Testimonios are a form of resistance used by Latin American feminist movements against military governments, authoritarian regimes, and systems of oppression.

== General ==
Testimonio is a Latin American feminist form of resistance against larger oppressive structures like patriarchy that uses a method of rescripting and rewriting history to center previously oppressed voices through women's testimonial literature. Feminists who use testimonios center stories of marginalized people to fight mainstream cultural narratives that hide their stories. Even though testimonios began as a form of countercultural storytelling based on witness accounts, many also blend fictional narratives with historical narratives. Fictionalizing memories allows the authors to make their stories more emotional and powerful, and gives them revolutionary potential.

Testimonios as a practice began as a part of the women's liberation movement in response to growing authoritarianism and military rule in Latin America in the 1970s. Testimonios became a way that women resisted oppressive governments and gave rise to new forms of political protest.

== Etymology ==
The Latin word testimonio derives from Old Northern French testimonie (Old French testimoine, testemoigne) and from Latin testimonium, meaning "evidence, proof, witness, or attestation". It also derives from the Latin word testis, which is "a witness or one who attests". Testis was a word usually regarded as a special application of a "witness" on the notion of what "bears witness to male virility". The suffix -monium signifies action, state, or condition.

== Examples ==

=== The Little School (1986) by Alicia Partnoy ===
Alicia Partnoy's The Little School tells her story as one of "the disappeared" Argentinian prisoners during Argentina's military dictatorship in the late 1970s.
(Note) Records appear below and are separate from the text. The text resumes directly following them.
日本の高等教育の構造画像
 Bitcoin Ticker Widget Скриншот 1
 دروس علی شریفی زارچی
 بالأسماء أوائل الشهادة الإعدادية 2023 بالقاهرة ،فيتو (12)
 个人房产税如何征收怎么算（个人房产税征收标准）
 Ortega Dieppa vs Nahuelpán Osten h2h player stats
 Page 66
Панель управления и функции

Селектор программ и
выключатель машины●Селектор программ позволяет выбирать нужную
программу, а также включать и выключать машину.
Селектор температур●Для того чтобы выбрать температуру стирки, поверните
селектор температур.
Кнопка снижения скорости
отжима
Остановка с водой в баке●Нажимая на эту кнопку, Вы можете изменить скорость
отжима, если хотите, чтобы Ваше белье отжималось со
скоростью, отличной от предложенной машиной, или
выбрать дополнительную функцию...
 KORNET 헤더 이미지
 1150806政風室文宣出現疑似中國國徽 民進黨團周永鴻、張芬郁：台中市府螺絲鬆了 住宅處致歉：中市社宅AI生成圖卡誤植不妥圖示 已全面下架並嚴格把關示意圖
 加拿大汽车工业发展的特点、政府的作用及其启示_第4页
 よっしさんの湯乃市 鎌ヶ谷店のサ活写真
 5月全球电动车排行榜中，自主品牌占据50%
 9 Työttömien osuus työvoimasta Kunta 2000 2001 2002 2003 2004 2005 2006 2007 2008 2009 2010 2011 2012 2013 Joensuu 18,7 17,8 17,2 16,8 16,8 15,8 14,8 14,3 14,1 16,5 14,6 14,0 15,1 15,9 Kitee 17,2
Taken to La Escuelita "The Little School", Partnoy endured violence and torture to be "taught a lesson". Being one of the few survivors, she refused to remain silent and shared her experiences into a fictionalized and detailed narrative where she organized her memories into survival tales. Her writing serves as a testimonio of political repression and act of resistance.

=== The Inhabited Woman (1994) by Gioconda Belli ===
Gioconda Belli's The Inhabited Woman fictionalizes the Sandinista struggle against the dictatorship of Anastasio Somoza in Nicaragua. She blends elements of testimonio with survival narratives during the National Liberation Movement (Movimiento). By critiquing both dictatorship and patriarchy, Belli reveals the double marginalization of her protagonist, Lavinia, as a fighter and a woman, while also reflecting her own lived experiences. Through the feminist lens, Belli adds a "feminist dimension to the genre of testimonio" (Smith).

=== Telling to Live: Latina Feminist Testimonios (2001) ===
Telling to Live is a collection of sixty-four testimonios from The Latina Feminist Group, which consists of eighteen Latinas who use their stories to reflect on the complexity of Latina identity, struggle, and resistance. They use testimonios as a feminist method of storytelling to produce knowledge from lived experiences that Latinas may have encountered. This collection expands on how these women have navigated higher education, built relationships, and fought for their place in US society in the late 1990s - early 2000s.